Masterly Build-up of Trite Theme
Raj Kapoor's "Sangam".
Produced, directed and edited by Raj Kapoor.
Written by Inder Raj Anand.
Lyrics: Shailendra and Hasrat Jaipuri.
Cinematography: Radhu Karmakar.
Art Direction: M R Acharekar.
Cast: Raj Kapoor, Vyjayanthimala, Rajendra Kumar, Lalita Pawar, Achala.
Extraordinary length, spectacle, lush colour, eye-filling decor, handsome parade of top-notch stars and a story of the widest possible appeal with a good springkling of sex and romance go to make a block buster. A tremendous amount of advance publicity goes into it. It is generally pre-sold and released on what is known as "hard ticket" or "road-show" basis. The purpose of the block buster is to break through audience resistance.
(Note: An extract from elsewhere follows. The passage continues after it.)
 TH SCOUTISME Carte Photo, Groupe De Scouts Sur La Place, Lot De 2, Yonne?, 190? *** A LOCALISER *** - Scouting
Raj Kapoor's colour opus "Sangam" comes close to this category. Its lavish colour, beautiful photography, rich decor, excellent exteriors and appealing music have a sweeping impact, giving one the illusion of witnessing a Hollywood colour opus.
Impressive though it is in this way, it falls short of expectations. Its blurbs have compared it to "Gone With The Wind." Only where length is concerned does the comparison stand. But one wonders whether that length was necessary at all. For the four long hours it is stretched, what is spun out is a mere triangle drama, Shorn of the visual grandeur of the unfolding, the experience is disappointing.
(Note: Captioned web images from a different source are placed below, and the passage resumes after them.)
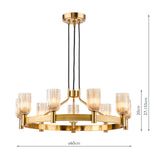 Dar Hilaria 9 Light Pendant Antique Gold and Amber Ribbed Glass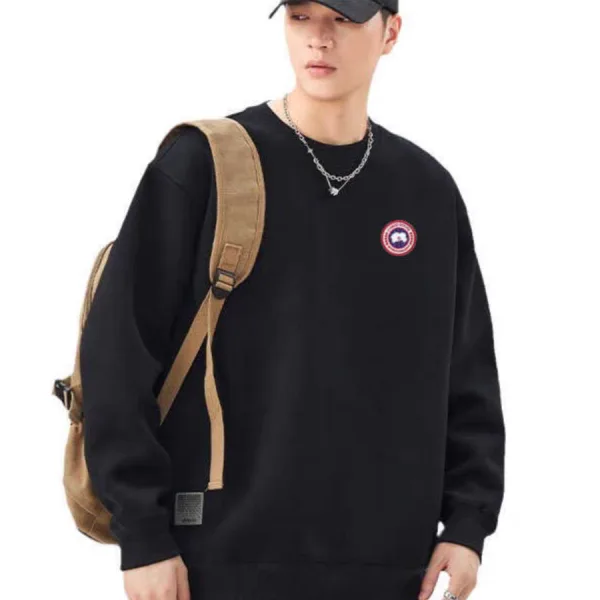 Canada Goose Hoodie Black Cotton Imitation Fleece Simple Style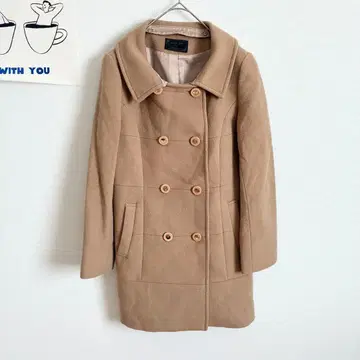 애니시스 더블 버튼 코트 성숙/러블리 A 라인 실루엣 깔끔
Highly reminiscent of films like "Andaz" and "Chaudhvin Ka Chand," the story told is that of two friends, Gopal (a prosperous advocate) and Sunder (an Air Force officer), and their love for the same girl, Radha. The consequences are not unimaginable. But what is seen is hard to believe. These two pals, responsible men though they are, act irrationally in the belief that their friendship is more sacred than their love so that they may play with the life of the woman they adore. One feels that, in their hands, Radha is a pitiable victim of a "friendship-at-any-cost" fixation rather than an object of their professed, ardent love.
Strangely, Radha meekly submits to a marriage with a man whom she doesn't love and that too, at the instance of her own fiance! Gopal who loves Radha, and is loved by her, is man enough to live with his sorrow; it is Sunder and Radha who make it impossible for him to do so - the persuasive screenplay establishes this effectively. Not so Sunder's strange, dumb incomprehension of the fact that Radha and Gopal love each other; have done so since their very childhood - this is the screenplay's weakness.